The central mechanic of the game is a crossbow that controls the season, and it's only by changing the season that you can navigate certain environments and solve challenges. How do you get across a lake when you're a fox that hates water? Why turn things to winter and freeze it of course. But then how do you climb the tree on the other side of the lake? Turn things back to summer and climb the luscious leaves that have sprouted from its branches.
This is also how the completionists among you will need to think in order to get all the collectables because tucked away in secret rooms and tricky passages are the select number of items you need to collect for that precious 100% completion figure. It's only by using the changing levels and the seasons in intuitive ways that you can make sure you find all of these, so thinking outside the box is definitely encouraged.
We've gone this far without mentioning the premise, which is very simple. You are a fox called Rick, but when you sneak up on Patty the partridge with the intention of having a little snack, Patty makes him an offer he can't refuse. If there's one thing capitalist foxes love more than food it's profit, and so when Rick is offered a chance to defeat the evil green-eyed horde in return for treasure, he takes the mantle and the magical crossbow from the Season Tree for his quest. As you might have guessed though, this isn't a game about story, and all you need to know is that you have to go from left to right and work some stuff out. It's a platformer after all.
The game is structured in such a way that there are set levels to complete, so it's not a Metroidvania affair, although the levels are rather meaty. Meaty enough, in fact, to have little checkpoints peppered throughout, although there's a catch; much like Moneybags the Bear in Spyro, these are guarded by a greedy badger who charges you for the privilege of using them, and there's an increasing cost. It's all about weighing up your options and prioritising what you need most: checkpoints or money.
As you've gathered, currency and financial gain are a pretty big part of this game, especially since the gold you collect within the levels from killing monsters and looting can be used when you return to the starting area. Here Patty has a number of upgrades to sell, which is all as you'd expect, including more health and better abilities.
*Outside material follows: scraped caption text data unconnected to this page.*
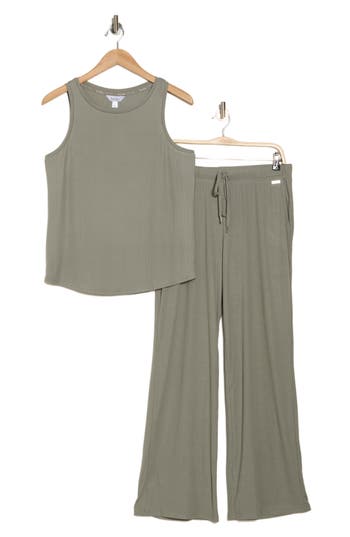 NICOLE MILLER NICOLE MILLER RIB PAJAMAS 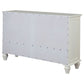 Sandy Beach 11-drawer Dresser Cream White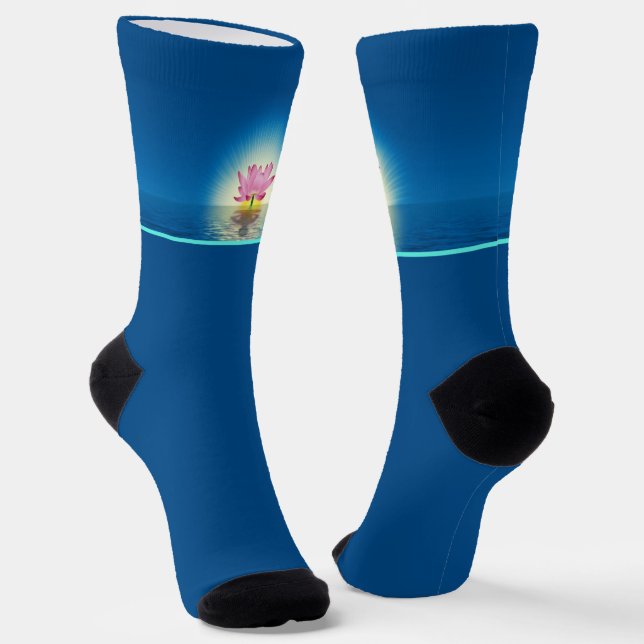 Yoga Lotus Socks (Angled)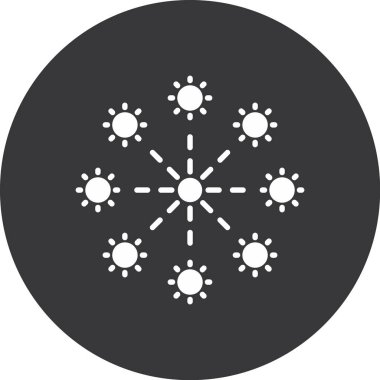 Kar Tanesi simgesi vektörü web ve mobil uygulama tasarımınız için beyaz arkaplanda izole edildi, noel logosu kavramı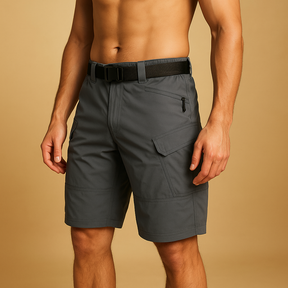 Frachtshorts für Männer mit schnelltrocknendem Stoff und Taschen | Timo-4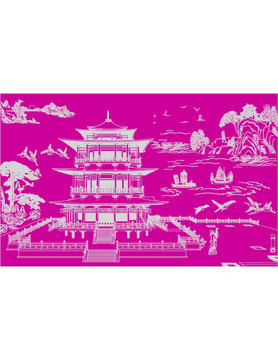 李白黃鶴樓詩(shī)意圖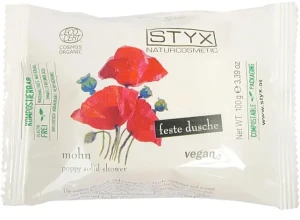 Styx Naturcosmetic Твердое мыло для душа с семенами мака Poppy Seed Solid Shower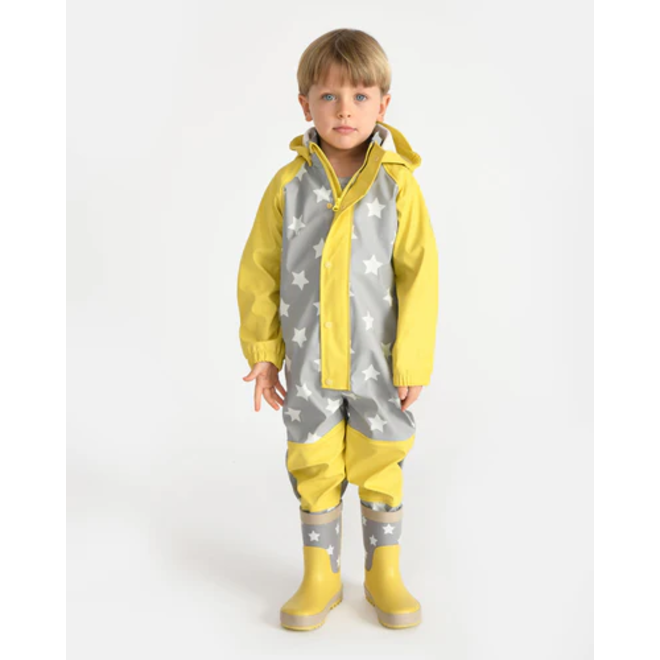 Rain Coverall Rainy Star Yellow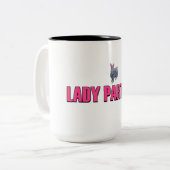 2 Couleurs Tasse de Madame Parts TV (Devant gauche)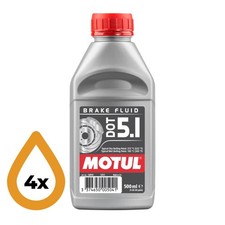 Image of Motul 100950 DOT 5.1 Brake Fluid - (4 x 500ml)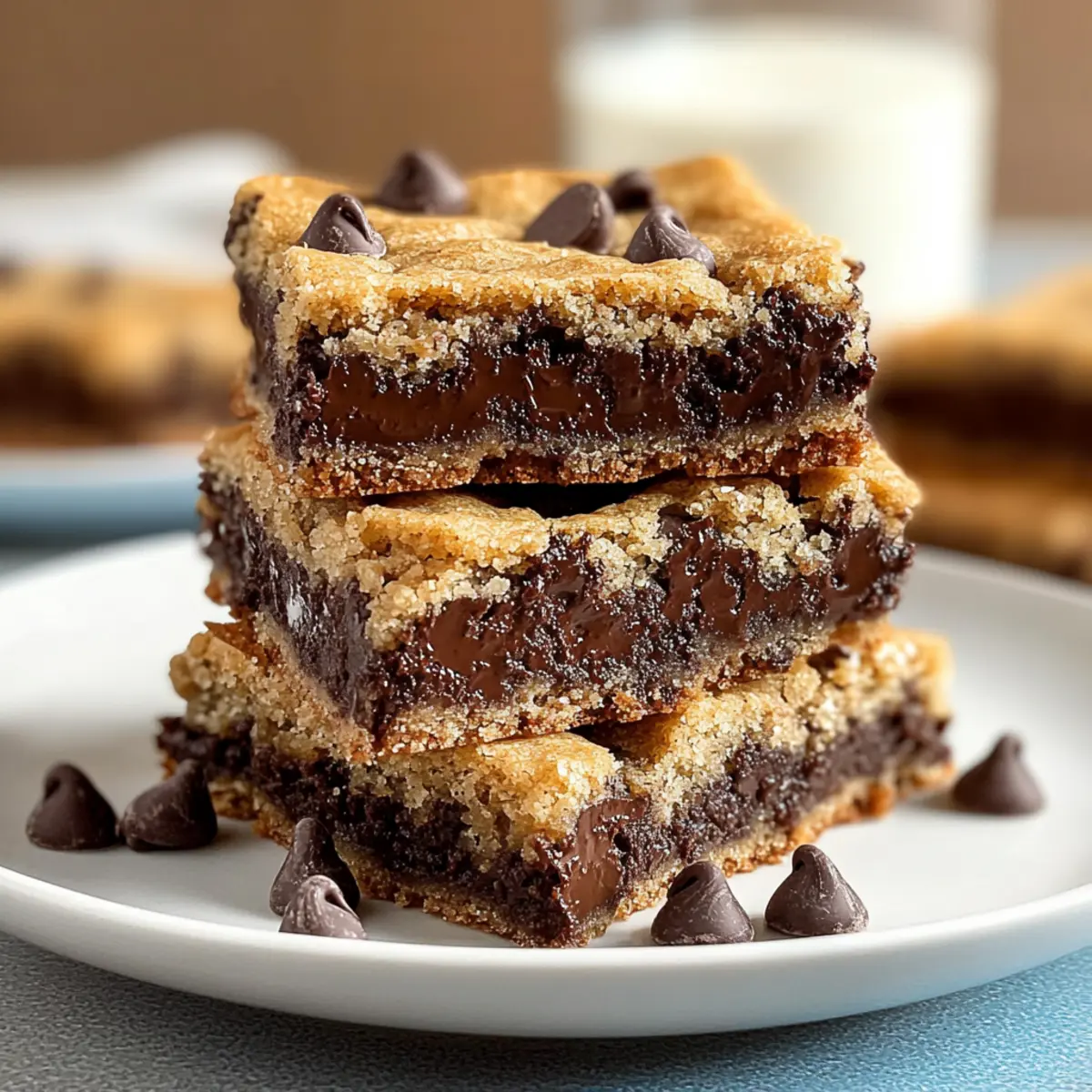 Chewy Chocolate Chip Cookie Bars for Sweet Moments at Home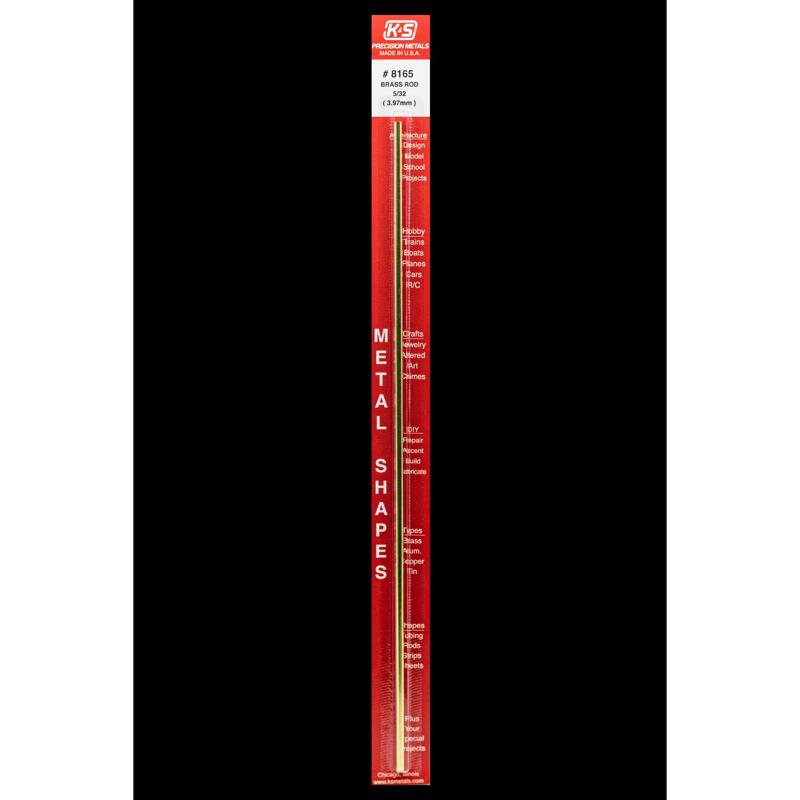 K&S 5/32 in. D X 12 in. L Brass Rod 1 pk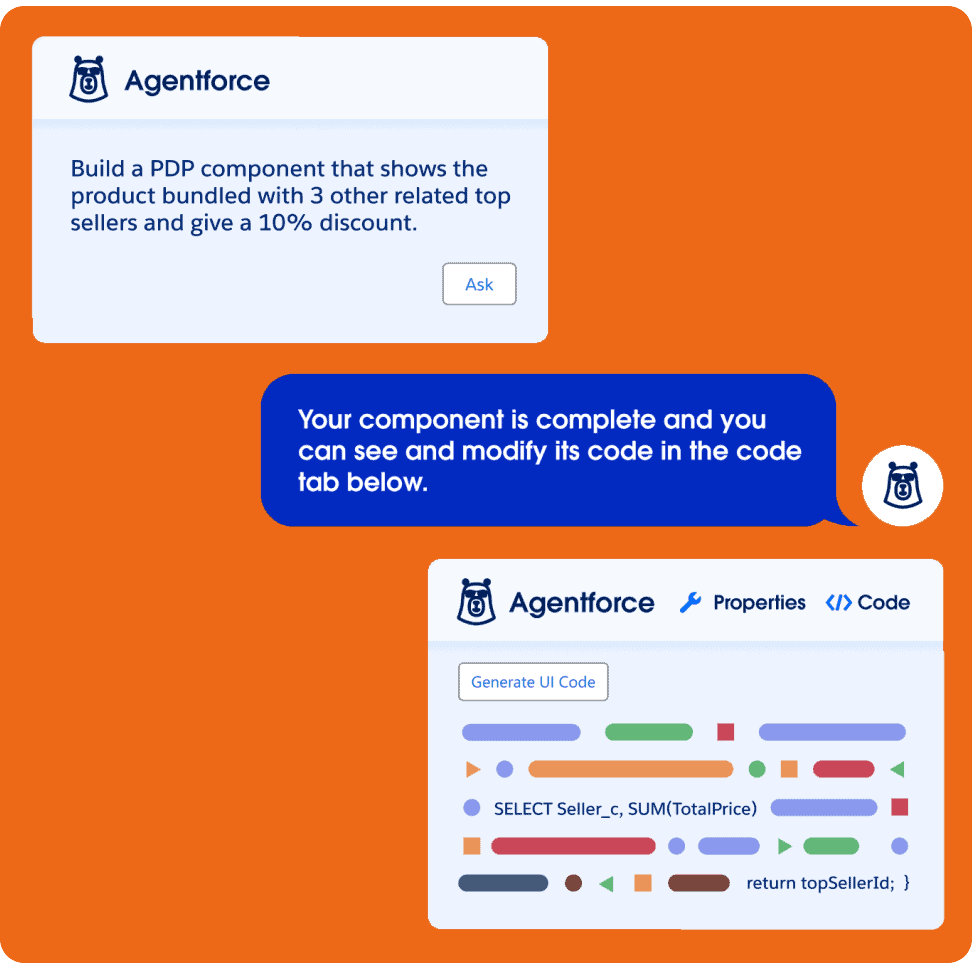 Agentforce Vibes - Vibe Coding example from Salesforce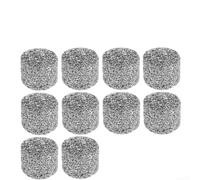 Lot de 10 filtres en mousse en acier inoxydable pour buse de nettoyeur haute pression 3000 psi Kit de nettoyage de voiture Argenté 14 x 10 mm Accessoire de rechange durable Filtre à gaze en métal pour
As you progress you get more powerful, and as you do this you find yourself more prepared for the bigger challenges, like the bosses.
These bosses are rather creative in design, but aren't particularly revolutionary, although they do make use of the same season-changing mechanics. In fact, the combat itself isn't particularly stunning, being comprised mostly of slashes and crossbow shots, and sometimes it even bordered on frustrating as we often found that Rick just didn't react when we were pressing down and attack for a ground swipe, for example.
Visually, you can imagine what we're talking about when we describe it as a throwback platformer, as of course, this comes with 16-bit graphics, colourful and varied worlds, and a host of fun enemies to tussle with. It's basic, and while other games like Shovel Knight have carved out their own identity in the genre despite clearly being reminiscent of older games, Fox n Forests felt a little lacking in this respect, despite the humour attempted between the characters.
If you want a platformer that's straightforward but still offers challenges both in terms of combat and puzzles, Fox n Forests is good fun, especially on the go whether you're on a train or waiting for a bus (we played it on Switch). The season-changing mechanic really helps separate it from other games in the platform genre (apart from Seasons After Fall, which we probably should have mentioned earlier), but even that mechanic isn't enough to make this feel like a completely fresh experience. It's not a classic of the genre by any means, but that doesn't mean it isn't worth your time.